Und würde uns helfen gegen die blöde, billige Kirchenkritik, in der sich die Medien üben und die Öffentlichkeit gefällt.

Ihr Lieben, die gelebte Kirche ist mehr als alles Versagen ihrer Organisationen von Rom und Köln über Düsseldorf bis Troisdorf.

IV.
Und dann das Wort, das eine, das Mut macht, das frei macht, das aller Angst den Grund und die Macht nimmt:

„Fürchte dich nicht! Ich bin der Erste und der Letzte und der Lebendige. Ich war tot, und siehe, ich bin lebendig von Ewigkeit zu Ewigkeit. Und habe die Schlüssel des Todes und der Hölle.“

Ein Anspruch, der sich querstellt zur Ideologie der Totalität menschlicher Macht. Es sei der Kaiser von Rom oder der Führer in Berlin.
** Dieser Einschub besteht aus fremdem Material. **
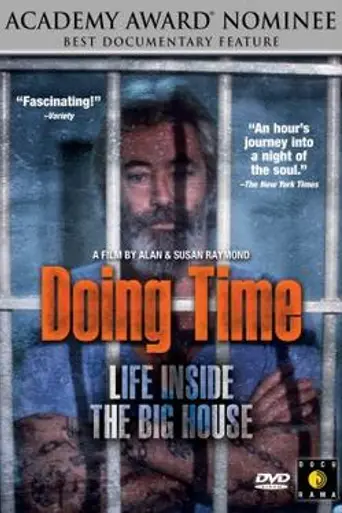 Doing Time: Life Inside the Big House (1991)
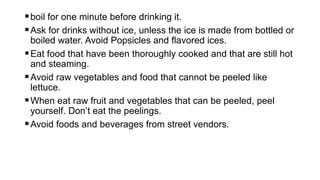 boil for one minute before drinking it.
Ask for drinks without ice, unless the ice is made from bottled or
boiled water. Avoid Popsicles and flavored ices.
Eat food that have been thoroughly cooked and that are still hot
and steaming.
Avoid raw vegetables and food that cannot be peeled like
lettuce.
When eat raw fruit and vegetables that can be peeled, peel
yourself. Don’t eat the peelings.
Avoid foods and beverages from street vendors.
 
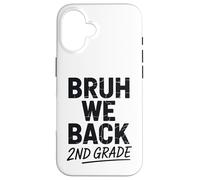 Bruh We Back to School 2nd Grade Back to School 1st Day At School Coque pour iPhone 16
Ein Zuspruch, der Zuspruch, der sich wie kein zweiter durch die Bibel zieht: „Fürchte dich nicht!“ Begründet in dem einen Gott, neben dem es keine anderen gibt:  „Ich bin der HERR, dein Gott, der ich dich aus Ägypten, aus der Sklaverei geführt habe – du sollst keine anderen Götter neben mir haben.“

Das erste Gebot, das Gebot, sich allein an den Gott, der frei macht, zu halten, ist der Grund unserer Freiheit. Weil es nichts geben kann, was uns von seiner Liebe trennen kann, selbst Tod und Hölle nicht, gewinnt das „Fürchte dich nicht!“  seine Kraft.
Weil er tot war – und „sieh mich an, ich lebe wieder“ gewinnen wir den Mut zum Leben. Amen.